Do you also hurry, half-dressed and barefoot, into the garden, and softly, and exclaiming of their dearness, fill your arms with the white and pink flowers,

with their honeyed heaviness, their lush trembling, their eagerness to be wild and perfect for a moment, before they are nothing, forever?

from New And Selected Poems by Mary Oliver

(c) Mary Oliver
I heard Tara Brock read this poem this morning.

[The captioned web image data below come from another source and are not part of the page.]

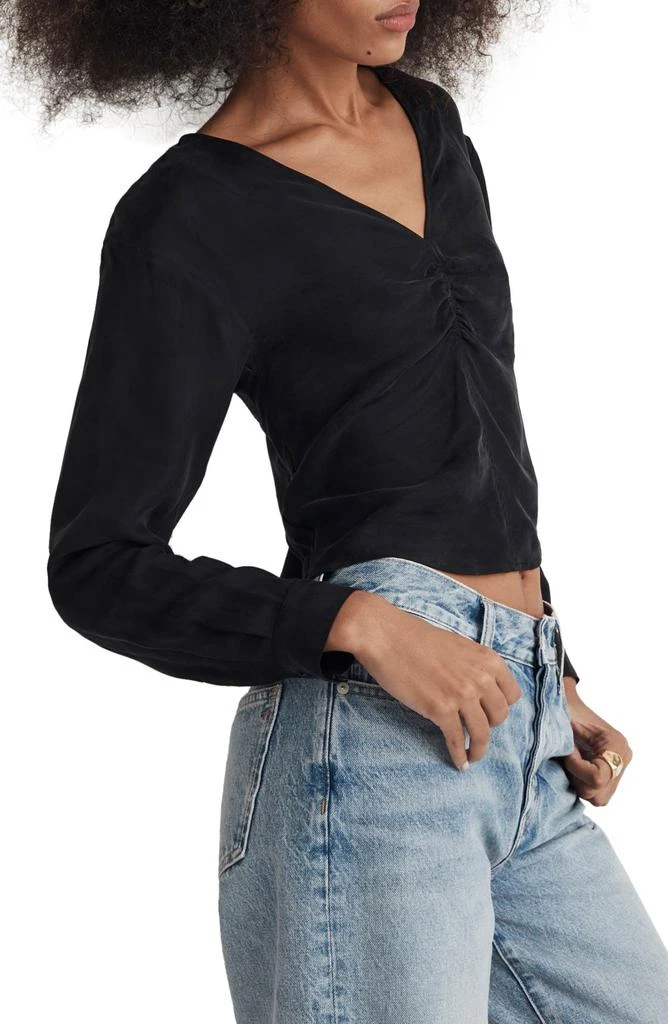 Madewell Brushed Ruched Top 5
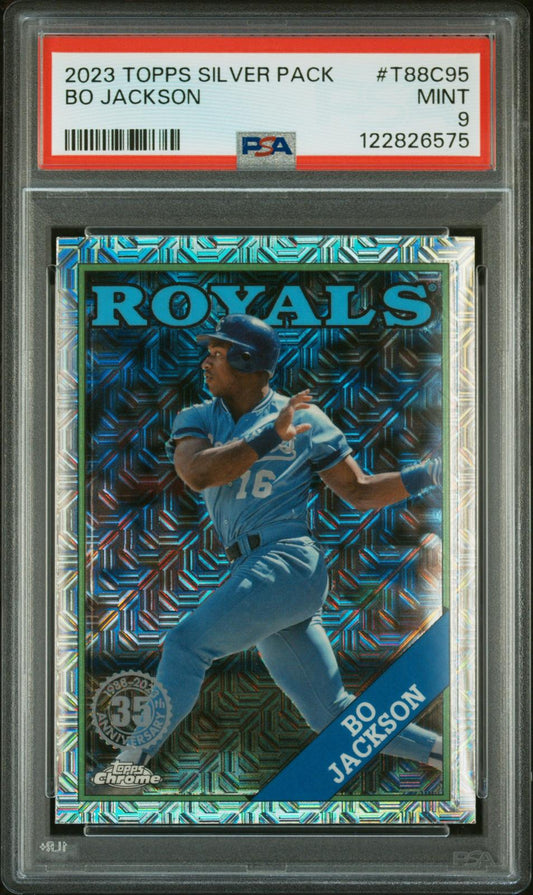 2023 Topps Silver Pack 1988 Chrome Promo Bo Jackson 9 PSA #T88C95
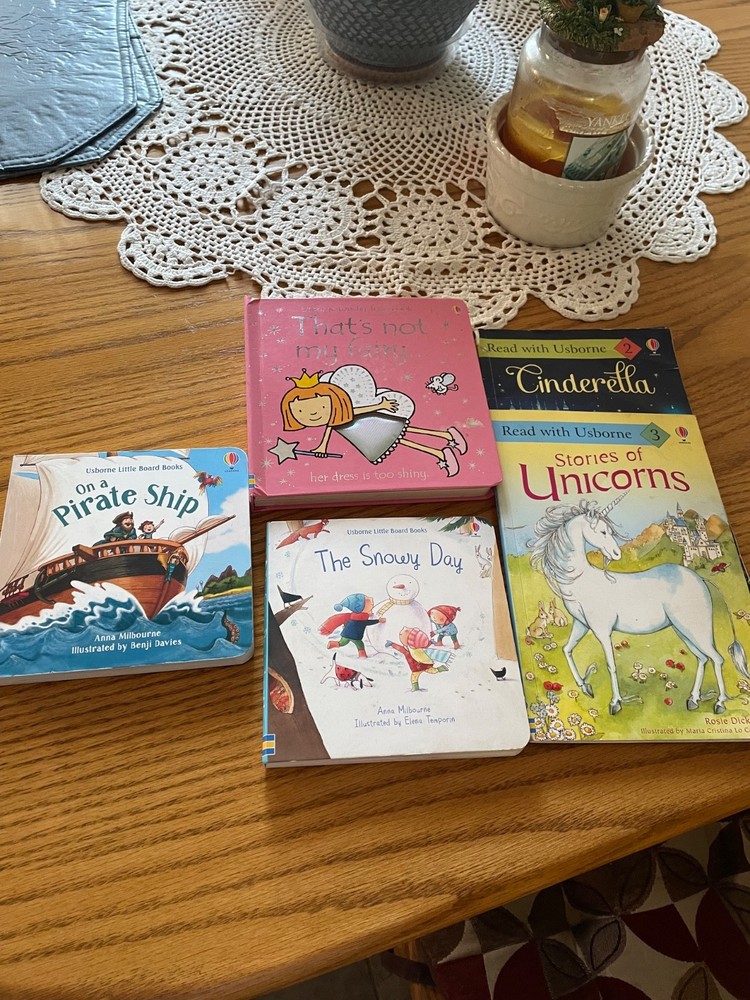 Usborne Children’s Book Lot of 5 mixed hardcover and paperback books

She included it in a Dharma talk she gave on June 7, 2017 entitled "Happiness is Possible: Deconditioning the Negativity Bias Part 2 on Dharma Seed: http://dharmaseed.org/talks/audio_player/175/41610.html
May we all "...experience their eagerness to be wild and perfect for a moment before they {we} are nothing, forever."
I created the collage of peonies from a single photograph I took on June 10, 2011 on Heath street in Toronto.